In the finished film, we’re presented with supposedly real footage recovered from the home of Malcom Johnson (Wayans). The recordings themselves depict a series of unexplainable events that begin to plague his home when Kisha Davis (Essence Atkins) decides to move in, with the couple slowly realizing that the difficulties of a shared life are no match for demonic shenanigans.

In practice, this means that viewers are subjected to a series of familiar scares subverted by wacky hijinks, with the flick featuring everything from a humorous recreation of the iconic fan-camera from Paranormal Activity 3 to bizarre dance numbers replacing Katy’s late-night trances from Oren Peli’s original movie.

Your enjoyment of these antics will obviously depend on how accepting you are of Wayans’ patented brand of crass comedy. From advanced potty humor to some exaggerated racial commentary – including a clever moment where Malcom actually attempts to move out of the titular haunted house because he’s not white enough to deal with the haunting – it’s not all that surprising that the flick wound up with a 10% rating on Rotten Tomatoes despite making a killing at the box office.

However, while this isn’t my preferred kind of humor, I think the inherent limitations of Found Footage ended up curtailing the usual excesses present in this kind of parody, with the filmmakers being forced to focus on character-based comedy and a smaller scale story. This is why I mostly appreciate the love-hate rapport between Kisha and Malcom even if it wouldn’t translate to a healthy relationship in real life.

Of course, the jokes themselves can also be pretty entertaining on their own, with cartoony gags like the ghost getting high with the protagonists (complete with smoke-filled invisible lungs) and a series of silly The Exorcist homages towards the end of the movie. The major issue here is that these legitimately funny and genre-specific jokes are often accompanied by repetitive attempts at low-brow humor that you could find in any other cheap comedy.

Not a good idea.

Not only are some of these painfully drawn out “jokes” incredibly unfunny, but they can also be remarkably offensive in some cases. There are some pretty insensitive allusions to sexual assault here, as well as a collection of secondary characters defined by negative racial stereotypes (even though I chuckled heartily when the Latina maid was revealed to have been faking her poor English the entire time).

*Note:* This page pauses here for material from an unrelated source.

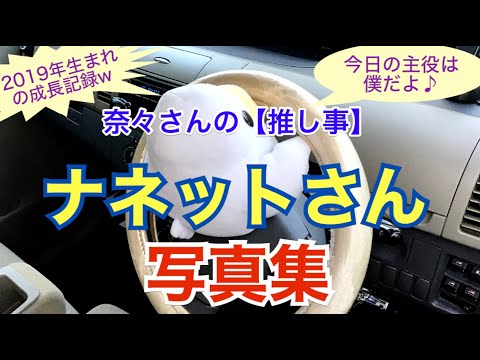 奈々さんの【推し事】ナネットさん写真集（CV_アネリ）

Cinephiles often claim that increasingly sloppy writing led to audiences giving up on spoof movies, but the fact is that many of the more beloved examples of the genre contain some of the same issues as later films like A Haunted House – it’s just that we as an audience have (mostly) grown up and are now demanding more from our comedy. However, this isn’t the case everywhere, as – much like the Elves from Lord of the Rings – spoof movies never really died, they simply diminished.

A Haunted House made so much money that they immediately started working on a second one that released the following year (to even worse reviews), and the same team would later collaborate once again on yet another spoof, 50 Shades of Black. This kind of film clearly still exists and still makes a lot of money (especially here in Brazil), they just don’t have the same cultural impact that they used to in a pre-social-media-humor world.

At the end of the day, A Haunted House is no comedic masterpiece, failing to live up to the laugh-out-loud thrills of films like Scary Movie 3, but it’s also not the trainwreck that most critics made it out to be back in 2013. Comedy is extremely subjective, and while the raunchy humor behind this flick definitely isn’t for everyone, I still think that this satirical romp is mostly harmless fun that might entertain Found Footage fans that don’t take themselves too seriously.